El-Fasher region in North Darfur has seen dramatic shifts in positional control: regular armed forces announced their withdrawal, leaving Rapid Support Forces (RSF) effectively in charge of this region; this caused UN to issue urgent warnings of suspected large scale atrocities by this regime. Al Jazeera +2 RFI +2 reported these developments earlier today.
On 27 October 2025, Sudanese Army General Abdel Fattah al-Burhan acknowledged pulling out from El-Fasher – its last major stronghold in Darfur region – under mounting pressure from RSF attacks. Al Jazeera provided this coverage.
Al-Burhan explained the decision as being taken in an effort to mitigate further destruction and civilian casualties, characterizing the city’s situation as one involving “systemic killing of civilians”.
Analysts note this marks a crucial moment in the war between the army and RSF that began officially in April 2023 and has devastated Darfur and other parts of Sudan since. With the army’s departure, RSF appears poised to link its supply routes from western Sudan through Libya and consolidate control over large swathes of Darfur. For more on this story visit Al Jazeera +1.

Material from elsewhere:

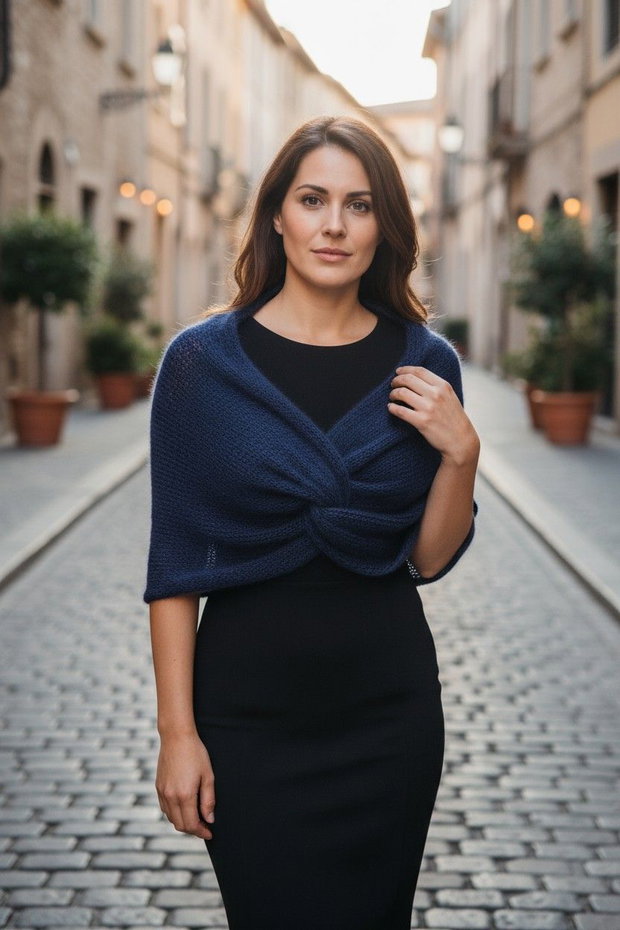 Șal elegant bleumarin rafinament și finețe pentru momente deosebite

Humanitarian and Rights Disaster
UN and rights groups have raised serious concern over the situation inside El-Fasher. The UN Rights Office warned of “large-scale, ethnically motivated violations and atrocities” committed by RSF once military troops have left, according to Al Jazeera.
Aid-organisations describe an alarming environment: an estimated 260,000 civilians remain in Mosul, half of them children; many trapped amid siege-like conditions with reports of malnutrition, shelling of hospitals, looting, looters and detentions arbitrary detentions (AP News/ Al Jazeera).
One medical network described El-Fasher as being transformed into a “brutal killing field”, noting how RSF fighters have detained over one thousand civilians, targeted hospitals, and may be engaging in acts amounting to war crimes.
Al Jazeera offered its version.
Broader Implications
The army’s departure from El-Fasher underlines Darfur’s rapidly shifting balance of power, and raises concerns of an RSF-controlled zone in western Sudan that may impede peace talks, humanitarian access and cohesion across Sudan as a whole. Furthermore, its withdrawal has raised fears of further ethnic cleansing or mass displacement as the RSF consolidates their grip over El-Fasher. Al Jazeera reports.
International actors are also exerting pressure; the African Union condemned these events as war crimes and demanded an immediate cessation to violence, according to Ahram Online.
Humanitarian organizations warn that without immediate safe access and protections for civilians, civilian deaths and suffering will increase further.
What Will Happen Next? For El-Fasher and Darfur residents, the future looks uncertain. Without army protection, RSF control could deepen, which could increase displacement, looting, hunger and unchecked violence. Humanitarian organizations are working tirelessly to secure safe corridors while communications are limited and logistics in war-torn Darfur remain difficult.
For the wider conflict, this moment marks a turning point: Darfur falls under RSF control while other areas fall to military or other forces. How the national government and international actors respond will ultimately determine if this conflict freezes out or escalates into further ethnic and regional fragmentation.